At the forefront of modern fashion and cutting-edge technology, Japan is an untapped market for many British brands wanting to export their goods and services.

That’s why I’m here this week, connecting British luxury fashion businesses — some centuries old — with retailers and online buyers so that Japanese customers will have access to a greater range of iconic British brands and cutting-edge fashion.

This trade mission includes heritage brands such as Christy & Co., who have crafted fine hats using traditional methods since 1773, as well exciting innovators such as Anabela Chan, one of the pioneers of merging science and art to create sustainable high-fashion jewelry. We want to bring these iconic British fashion labels right to your doors in Japan.

All of this is possible thanks to the U.K.’s landmark free trade deal with Japan, one of the first post-Brexit deals we secured. Since signing this agreement, the total value of trade between our two countries has risen to over £28 billion. The U.K.’s accession to the CPTPP, for which we remain immensely grateful for the support from Japan, will enhance this relationship to another level.

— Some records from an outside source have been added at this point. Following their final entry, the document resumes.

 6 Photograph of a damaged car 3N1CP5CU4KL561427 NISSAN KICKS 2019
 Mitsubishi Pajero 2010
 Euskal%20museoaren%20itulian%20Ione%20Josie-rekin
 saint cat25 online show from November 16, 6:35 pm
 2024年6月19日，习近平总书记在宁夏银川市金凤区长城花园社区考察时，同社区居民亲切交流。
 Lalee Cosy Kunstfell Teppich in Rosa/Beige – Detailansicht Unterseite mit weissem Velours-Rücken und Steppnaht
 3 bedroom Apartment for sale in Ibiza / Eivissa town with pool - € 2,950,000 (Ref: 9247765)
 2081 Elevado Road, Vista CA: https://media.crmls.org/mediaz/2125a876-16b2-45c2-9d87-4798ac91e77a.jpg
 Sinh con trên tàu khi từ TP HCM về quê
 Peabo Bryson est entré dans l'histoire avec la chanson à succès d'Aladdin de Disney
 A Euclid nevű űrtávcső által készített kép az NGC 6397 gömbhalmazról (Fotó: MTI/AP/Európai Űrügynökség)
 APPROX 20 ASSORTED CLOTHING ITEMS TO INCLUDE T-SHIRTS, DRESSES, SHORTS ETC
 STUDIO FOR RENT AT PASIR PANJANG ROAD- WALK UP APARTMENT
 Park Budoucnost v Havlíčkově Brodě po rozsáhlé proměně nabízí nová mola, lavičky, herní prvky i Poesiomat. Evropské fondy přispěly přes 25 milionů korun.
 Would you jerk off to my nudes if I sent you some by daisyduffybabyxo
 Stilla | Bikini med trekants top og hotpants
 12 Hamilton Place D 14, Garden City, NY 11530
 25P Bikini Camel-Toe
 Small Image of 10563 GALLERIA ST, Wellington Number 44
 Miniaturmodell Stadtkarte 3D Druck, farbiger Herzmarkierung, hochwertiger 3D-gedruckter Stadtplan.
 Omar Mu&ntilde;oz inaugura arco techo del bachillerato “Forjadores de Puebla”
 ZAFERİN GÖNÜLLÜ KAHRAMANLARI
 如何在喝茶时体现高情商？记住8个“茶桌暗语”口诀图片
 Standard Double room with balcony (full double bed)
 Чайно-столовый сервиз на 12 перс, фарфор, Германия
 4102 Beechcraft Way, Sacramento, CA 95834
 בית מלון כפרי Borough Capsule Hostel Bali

But I’m not here just to strengthen U.K. exports to Japan, I’m also in your beautiful country to increase Japanese investment into the U.K. The quality of Japanese goods and services has long been highly valued in Britain. You’ll find cars made by Toyota and Honda driving down every British motorway and appliances by Sony and Panasonic in many of our homes.

I’m working hard to knock down barriers preventing Japanese companies from breaking into the U.K. market. That’s why the U.K. government recently supported a £1 billion electric vehicle hub in the North of England in partnership with Nissan and battery maker AESC, boosting Japanese business and British jobs.

After the trade mission I’m pleased to be traveling to Osaka for the Group of Seven Trade Ministers’ Meeting, where my fellow trade ministers and I will be looking to solve some of the big issues that the world is facing when it comes to global commerce.

Establishing resilient supply chains is key to economic security and vital to our efforts to tackle economic coercion and securing the jobs and industries of the future. I welcome Japan’s focus on economic security during its presidency of the G7; the launch of the Coordination Platform on Economic Coercion in Hiroshima is a breakthrough in our collective mission, and we must now work together to make sure that this vital work continues whilst considering how we engage countries beyond the G7.

This builds on the leadership that Prime Minister Rishi Sunak has demonstrated by meeting with Prime Minister Fumio Kishida in May to sign the Hiroshima Accord. This agreement between our two countries signals to the world that by working together we will tackle our shared challenges, which will create a better future for our people and our businesses.

My priority is to harness free trade and competition to advance our shared goals, and not revert to protectionist and distortive measures. Working with valued partners like Japan, I will continue to strive for truly free trade, uninhibited by barriers or red tape.

Supporting U.K. exports to Japan, breaking down barriers to investment, and representing the U.K. at the G7: These may seem distinct, but they all form part of one of my central priorities to champion free and fair trade, creating the right conditions for businesses to grow. The success of business is key to a prosperous future — more jobs, higher pay and better lives — and I know Japan shares that ambition.